== PROMPT ==
In the copy, every record below must appear exactly as given, and no picture may appear.

== RECORDS SUPPLIED ==
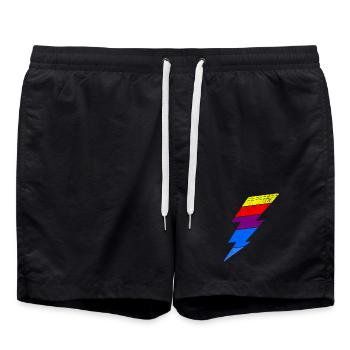Colorful lightning effect on clothes - Swim Trunks - black - Front - AI Model Male 185 light (185cm)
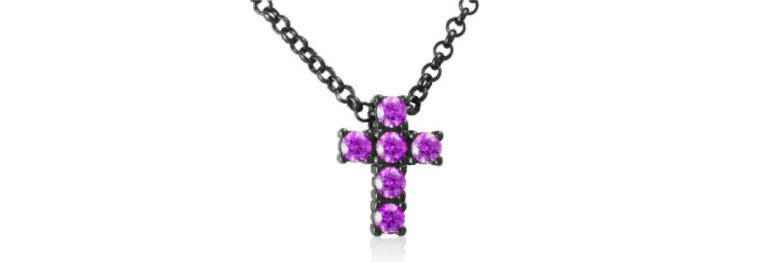 Colgante BAD fucsia en plata negra – Marina García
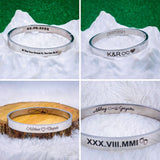 8mm Customized Personalised Laser Engraved Stainless Steel Gold Openable Bangle Cuff Kada For Men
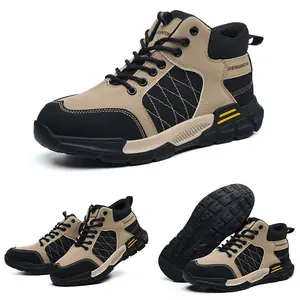 Men's Work Safety Boots - High-Top Lace-Up Design, Steel Toe Protection - Impact Resistant, Anti-Penetration, Durable Rubber Sole, Suitable for Construction | Factory | Daily Use - Warehouse Shoes | Modern Work Shoes | Outdoor Labor Worker Footwear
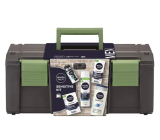 Nivea Men Sensitive Kit pleťový krém 75 ml + Nivea Men Sensitive voda po holení 100 ml + Nivea Men Sensitive gél na holenie 200 ml + Nivea Men Invisible Black & White Fresh antiperspirant roll-on 50 ml + Nivea Men Sensitive sprchový gél 250 ml + kufor na náradie, kozmetická sada pre mužov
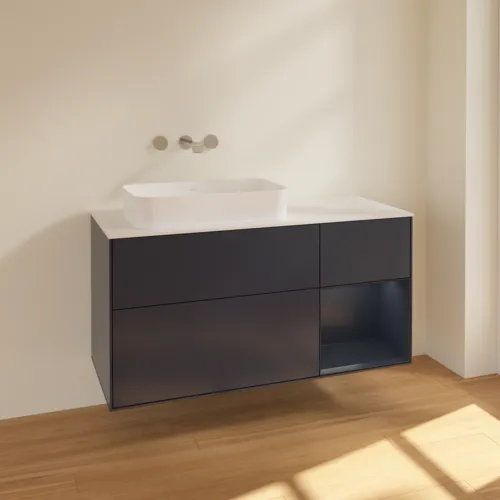 Bild von VILLEROY BOCH Finion Waschbeckenunterschrank, mit Beleuchtung, 3 Auszüge, 1200 x 603 x 501 mm, Midnight Blue Matt Lacquer / Midnight Blue Matt Lacquer / Glass White Matt #F691HGHG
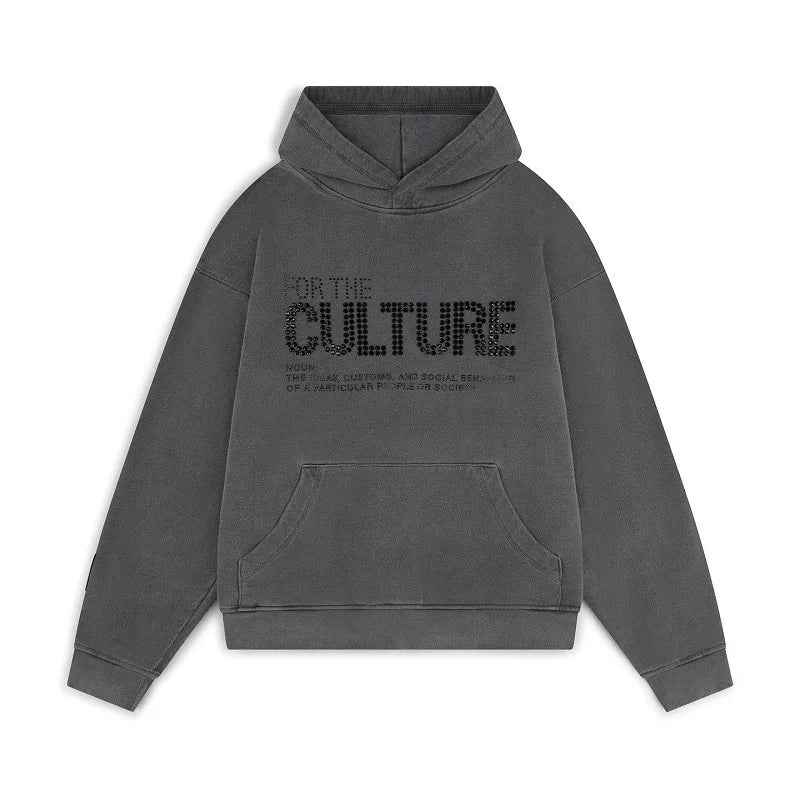 grauer hoodie mit strassschriftzug for the culture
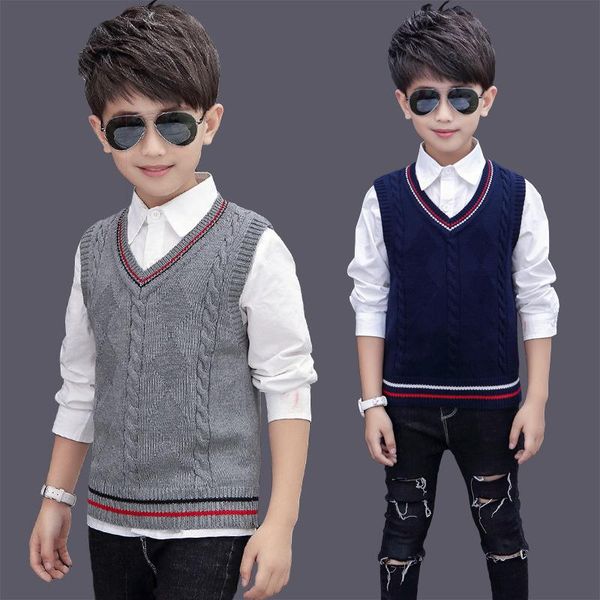 

waistcoat kids sweater vests 2021 spring/autumn fashion children knitted outerwear coat for teen big boys 6-16 years tx218, Camo
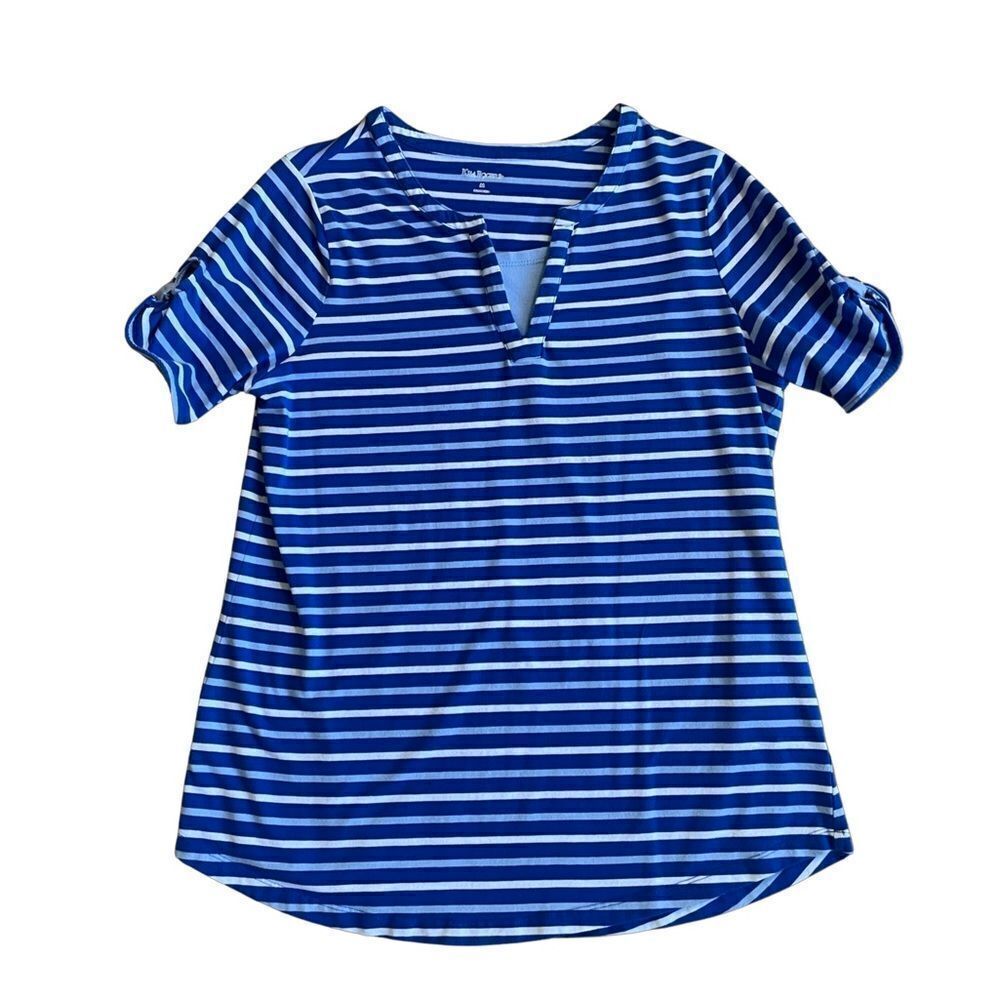 Kim Rogers Blue & White Striped Cotton T-Shirt - Size Medium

== COMPLETED EXERCISE ==
Colorful lightning effect on clothes - Swim Trunks - black - Front - AI Model Male 185 light (185cm)
 Colgante BAD fucsia en plata negra – Marina García
 8mm Customized Personalised Laser Engraved Stainless Steel Gold Openable Bangle Cuff Kada For Men
 Men's Work Safety Boots - High-Top Lace-Up Design, Steel Toe Protection - Impact Resistant, Anti-Penetration, Durable Rubber Sole, Suitable for Construction | Factory | Daily Use - Warehouse Shoes | Modern Work Shoes | Outdoor Labor Worker Footwear
 Nivea Men Sensitive Kit pleťový krém 75 ml + Nivea Men Sensitive voda po holení 100 ml + Nivea Men Sensitive gél na holenie 200 ml + Nivea Men Invisible Black & White Fresh antiperspirant roll-on 50 ml + Nivea Men Sensitive sprchový gél 250 ml + kufor na náradie, kozmetická sada pre mužov
 Bild von VILLEROY BOCH Finion Waschbeckenunterschrank, mit Beleuchtung, 3 Auszüge, 1200 x 603 x 501 mm, Midnight Blue Matt Lacquer / Midnight Blue Matt Lacquer / Glass White Matt #F691HGHG
 grauer hoodie mit strassschriftzug for the culture

waistcoat kids sweater vests 2021 spring/autumn fashion children knitted outerwear coat for teen big boys 6-16 years tx218, Camo
 Kim Rogers Blue & White Striped Cotton T-Shirt - Size Medium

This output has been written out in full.